Ketiga, investasi. Komponen ini tidak menjadi masalah karena dalam semester pertama terjadi kenaikan 6,6% dibandingkan periode yang sama tahun lalu. Investasi ini berasal dari dalam negeri maupun dari luar negeri. Namun demikian, kalau investasi dari luar negeri maka fitnah pun berdatangan. Katanya negara digadaikan. Bank-bank penyalur kredit investasi dari luar pun turut difitnah. Desas-desus ada tiga bank BUMN digadaikan. Jangankan itu, tabung pemadam kebakaran saja difitnah jadi tempat sampah, apalagi investasi asing. Padahal, pemerintah yang lalu juga sibuk mencari investasi asing karena investasi itu membuka lapangan pekerjaan tidak perduli itu penanaman modal asing (PMA) atau penyertaan modal negara (PMN).

Keuntungan utama investasi adalah pembiayaan pembangunan. Sedangkan untuk ekspor-impor, Indonesia sudah surplus. Namun bukan karena ekspor meningkat, tapi lebih disebabkan impor yang turun. Ekspor komoditas kita banyak yang turun harganya, seperti batu bara, karet, dan minyak sawit, tetapi perdagangan tetap surplus USD 7,53 Miliar.
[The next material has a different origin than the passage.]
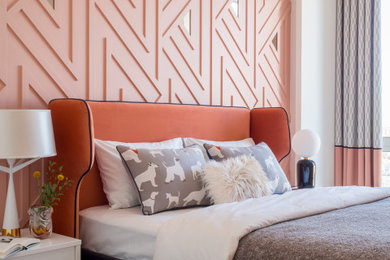 Пример оригинального дизайна: хозяйская спальня среднего размера в современном стиле с розовыми стенами, полом из ламината и бежевым полом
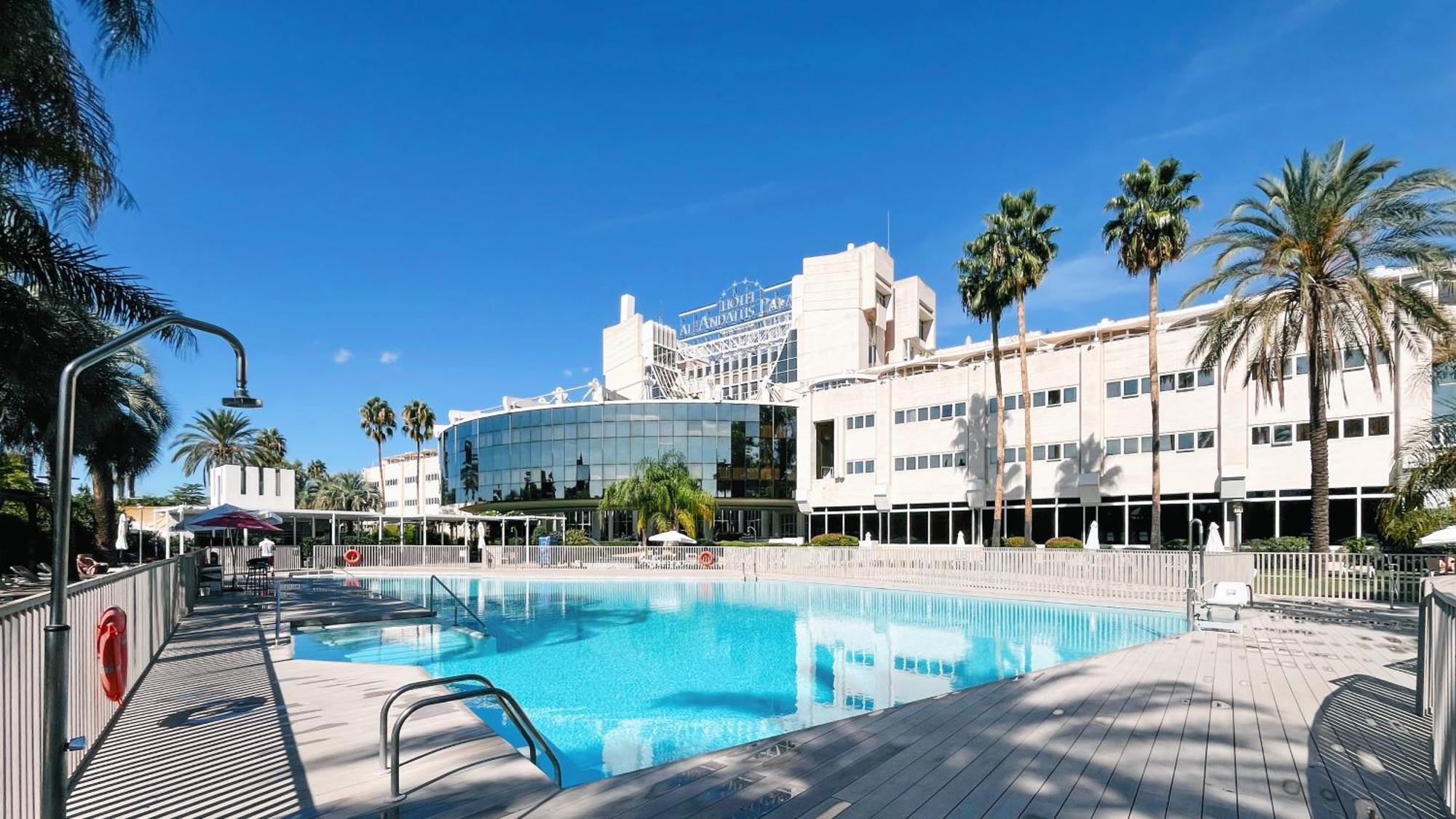 Silken Al-Andalus Palace Sevilla Exterior foto The hotel in 2019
Bagi saya, bila pelambatan ekonomi diakibatkan dari efisiensi di birokrasi pemerintahan yang menyebabkan serapan belanja pemerintahan rendah, atau karena konsumsi barang barang impor turun drastis, tidaklah menjadi masalah. Sebagai contoh saja, pertumbuhan ekonomi Jepang cuma di kisaran 1% - 1,2% sementara pertumbuhan ekonomi Indonesia masih di kisaran 4,67%. Melambat memang dari 5,02% di tahun 2014, tapi jika itu dikarenakan efisiensi dan menurunnya konsumsi barang impor tentu itu bisa diterima, apalagi faktor eksternal saat ini juga tidak mendukung.

Laju pemerintahan Jokowi diiringi dengan tekanan luar biasa; tidak boleh impor produk pertanian, tidak boleh utang, tidak boleh investasi asing, cabut subsidi dihujat, menaikkan tarif listrik dilarang keras, ruang fiskal sempit. Selain itu, tuntutan rakyat juga tinggi; gaji buruh minta naik tinggi, gaji PNS dan sertifikasi guru dinaikkan, ditambah gaji 13, gaji 14, dan lain sebagainya. Pegawai honorer pun harus diangkat. Pembangunan listrik, jalan, dan infrastruktur lainnya juga harus tetap dikebut. Padahal, mereka yang dulu tidak memilih Jokowi juga paling kenceng menagih janji. Pertumbuhan ekonomi tetap harus tinggi. Mereka lupa pemerintah ini baru berjalan setahun, tapi sudah ditagih tiap bulan. Sapi aja butuh waktu dua tahun baru bisa dipotong.